Começava o ostracismo e muitas dificuldades na vida do mito. Conhecido como a mais bela voz do Brasil e dono de um dos maiores públicos da história da música brasileira, teve entre seus fãs ninguém menos do que três presidentes da República.

Todos os três o estimavam muito: Getúlio Vargas, que gostava da música “A Jardineira”; Juscelino Kubistchek, que se deleitava com “Sertaneja” e João Goulart, que sempre o pedia para cantar “Numero Um”.

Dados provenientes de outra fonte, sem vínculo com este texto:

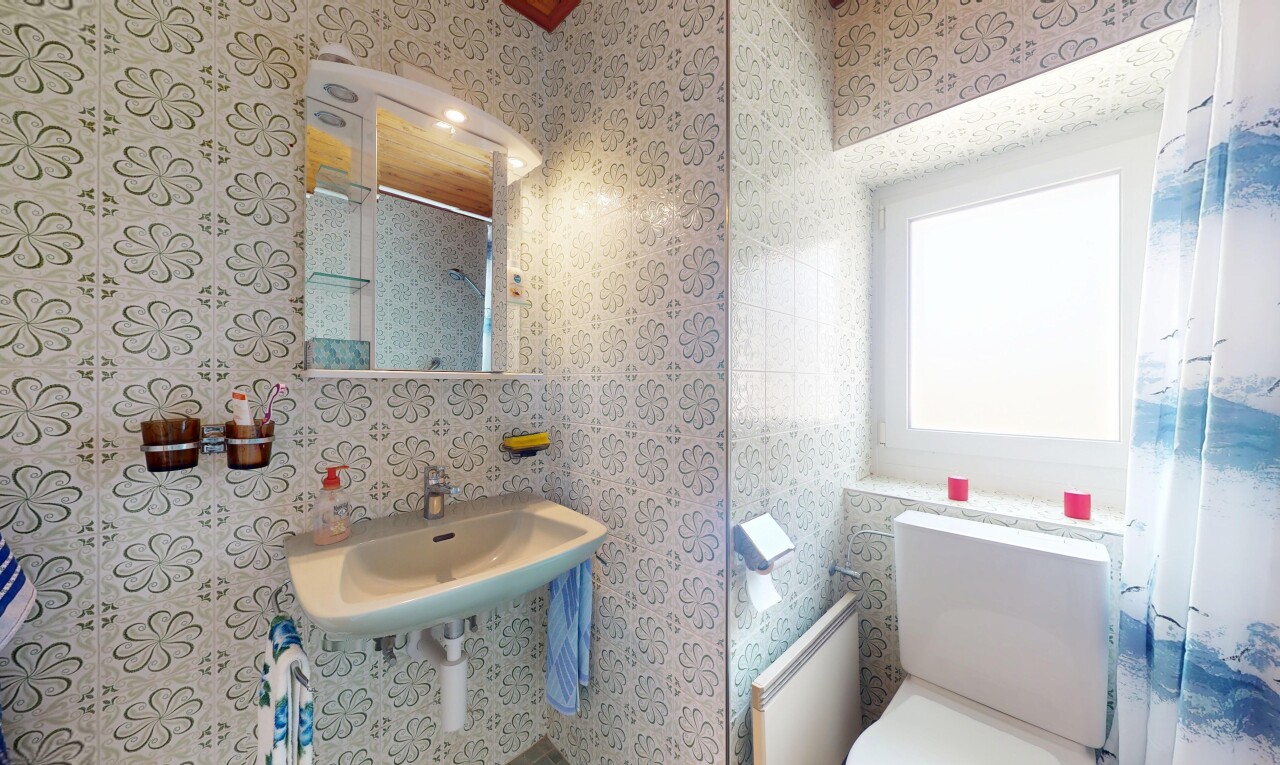 Family home to renovate with unique building potential in Fey - 6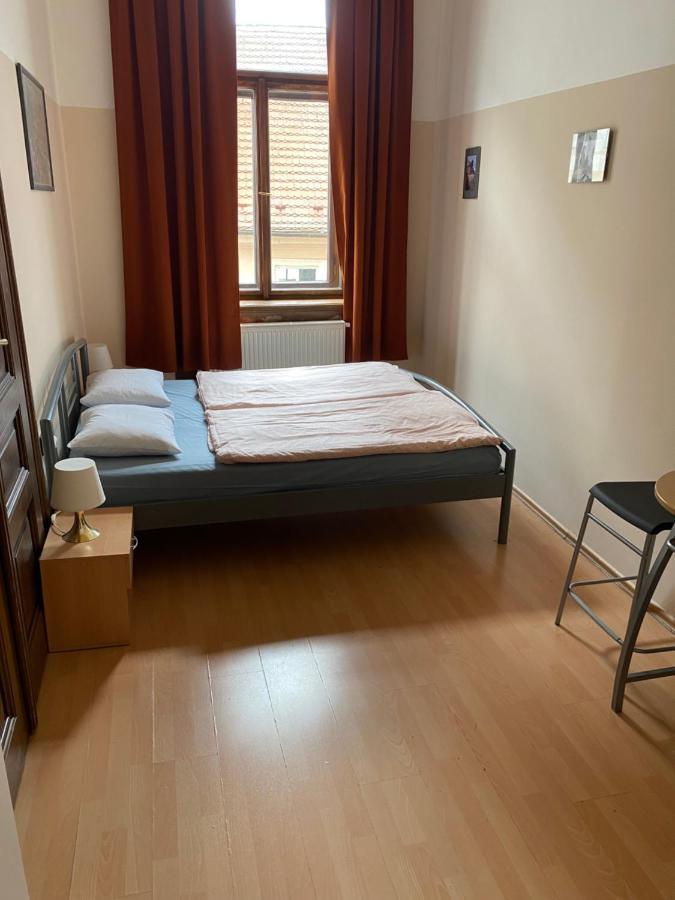 Hostel Emma Prague Extérieur photo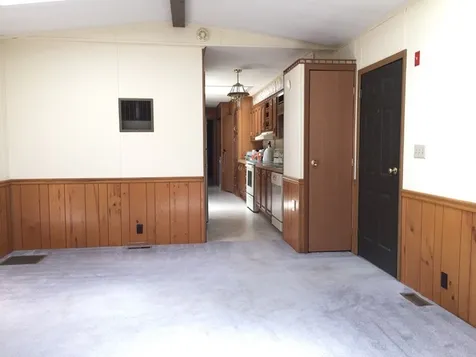 8 Village Drive Raymond NH 03077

Casou-se com Maria de Lourdes (1947), que muito o ajudou a reerguer-se na vida, mas não tiveram filhos. Orlando Silva não foi só um grande cantor, mas também um criador de linguagens, protagonista de intensa dramaticidade, um divisor de águas.

Não teve educação musical, porém se tornou um dos maiores nomes da nossa música. Um romântico que trazia em si um lirismo velado, diante da inebriante voz e da alma, sem exageros.

Impressionou os cantores que tiveram o privilégio de cantar com ele, como João Gilberto, que disse “foi o maior cantor brasileiro de todos os tempos” e Paulinho da Viola, para quem “depois de Orlando, cantando com arranjos de Pixinguinha e Radamés Gnatalli, não preciso ouvir mais nada”.

Cantou com Roberto Carlos a inesquecível A Deusa da minha rua, num especial da Globo. O famoso compositor Adelino Moreira foi mais além: “Orlando Silva foi o único cantor brasileiro que, sem máquina para se promover, alcançou sucesso absoluto, graças ao seu talento. Nas cidades em que se apresentava, fazia-se feriado para escutá-lo.”

Orlando Silva faleceu, aos 62 anos, em 7 de agosto de 1978, vitima de um derrame. Uma multidão, cantando a música Carinhoso, acompanhou o féretro até o Cemitério São João Batista (RJ).

Assim, o menino nascido no Engenho de Dentro, subúrbio carioca, deixou gravado seu nome na MPB, além de servir de inspiração e guia para a chamada Bossa Nova.

Em mim, particularmente, suas canções ainda ecoam, vivas, fazendo fluir doces recordações de um tempo que era tão bom, que eu nem sequer imaginava se transformaria em tantas saudades!